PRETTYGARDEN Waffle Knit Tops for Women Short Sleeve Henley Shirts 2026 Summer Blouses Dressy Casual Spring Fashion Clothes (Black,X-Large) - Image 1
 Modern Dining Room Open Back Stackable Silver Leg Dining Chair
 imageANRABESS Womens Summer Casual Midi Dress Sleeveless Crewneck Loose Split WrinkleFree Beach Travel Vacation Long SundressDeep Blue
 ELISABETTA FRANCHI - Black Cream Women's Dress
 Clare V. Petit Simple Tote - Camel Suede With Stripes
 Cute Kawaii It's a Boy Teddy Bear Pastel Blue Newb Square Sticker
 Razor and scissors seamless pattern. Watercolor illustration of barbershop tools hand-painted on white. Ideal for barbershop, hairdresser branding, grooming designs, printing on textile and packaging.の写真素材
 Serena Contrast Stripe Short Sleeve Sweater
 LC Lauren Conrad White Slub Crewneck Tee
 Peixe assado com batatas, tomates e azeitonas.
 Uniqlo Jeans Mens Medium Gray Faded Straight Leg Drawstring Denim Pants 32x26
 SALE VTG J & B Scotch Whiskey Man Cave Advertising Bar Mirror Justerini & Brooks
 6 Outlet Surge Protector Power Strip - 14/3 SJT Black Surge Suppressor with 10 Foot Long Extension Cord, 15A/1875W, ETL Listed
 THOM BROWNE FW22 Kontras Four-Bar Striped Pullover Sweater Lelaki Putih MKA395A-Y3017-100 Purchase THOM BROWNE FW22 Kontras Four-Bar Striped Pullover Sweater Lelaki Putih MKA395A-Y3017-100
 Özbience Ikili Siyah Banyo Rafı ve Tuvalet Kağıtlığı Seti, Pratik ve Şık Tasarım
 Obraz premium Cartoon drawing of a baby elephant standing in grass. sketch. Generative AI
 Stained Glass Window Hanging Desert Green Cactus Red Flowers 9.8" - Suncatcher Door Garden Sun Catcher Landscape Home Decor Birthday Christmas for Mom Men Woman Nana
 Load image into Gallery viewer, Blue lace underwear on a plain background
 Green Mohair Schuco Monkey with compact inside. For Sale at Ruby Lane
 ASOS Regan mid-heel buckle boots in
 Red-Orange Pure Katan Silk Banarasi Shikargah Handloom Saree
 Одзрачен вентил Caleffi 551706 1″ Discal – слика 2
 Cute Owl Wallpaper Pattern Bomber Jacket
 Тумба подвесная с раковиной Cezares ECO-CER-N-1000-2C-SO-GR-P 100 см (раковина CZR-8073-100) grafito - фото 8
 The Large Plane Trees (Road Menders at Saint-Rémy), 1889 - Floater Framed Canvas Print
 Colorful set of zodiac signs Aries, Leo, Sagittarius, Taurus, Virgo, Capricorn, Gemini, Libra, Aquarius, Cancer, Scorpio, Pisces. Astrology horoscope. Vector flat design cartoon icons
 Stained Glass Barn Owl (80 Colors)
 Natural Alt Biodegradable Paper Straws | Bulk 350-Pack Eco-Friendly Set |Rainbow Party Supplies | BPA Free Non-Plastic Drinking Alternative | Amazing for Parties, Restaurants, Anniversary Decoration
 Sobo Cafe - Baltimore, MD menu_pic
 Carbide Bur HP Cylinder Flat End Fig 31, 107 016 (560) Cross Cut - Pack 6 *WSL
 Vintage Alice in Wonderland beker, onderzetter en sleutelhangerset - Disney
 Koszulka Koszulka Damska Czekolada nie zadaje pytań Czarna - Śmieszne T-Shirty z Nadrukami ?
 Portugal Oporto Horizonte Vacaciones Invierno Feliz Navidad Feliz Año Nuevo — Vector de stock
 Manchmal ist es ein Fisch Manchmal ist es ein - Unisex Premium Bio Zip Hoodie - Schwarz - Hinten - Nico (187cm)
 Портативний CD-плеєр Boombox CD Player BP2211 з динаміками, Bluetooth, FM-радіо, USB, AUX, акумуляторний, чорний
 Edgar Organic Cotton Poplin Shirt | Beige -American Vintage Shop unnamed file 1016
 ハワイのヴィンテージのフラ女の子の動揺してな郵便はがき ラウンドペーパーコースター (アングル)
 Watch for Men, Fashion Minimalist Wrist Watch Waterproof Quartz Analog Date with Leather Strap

+===+

# What is required:
Whenever the word "Vector" occurs in a line of the listing above, return that line.

# Response to this task:
 Colorful set of zodiac signs Aries, Leo, Sagittarius, Taurus, Virgo, Capricorn, Gemini, Libra, Aquarius, Cancer, Scorpio, Pisces. Astrology horoscope. Vector flat design cartoon icons
 Portugal Oporto Horizonte Vacaciones Invierno Feliz Navidad Feliz Año Nuevo — Vector de stock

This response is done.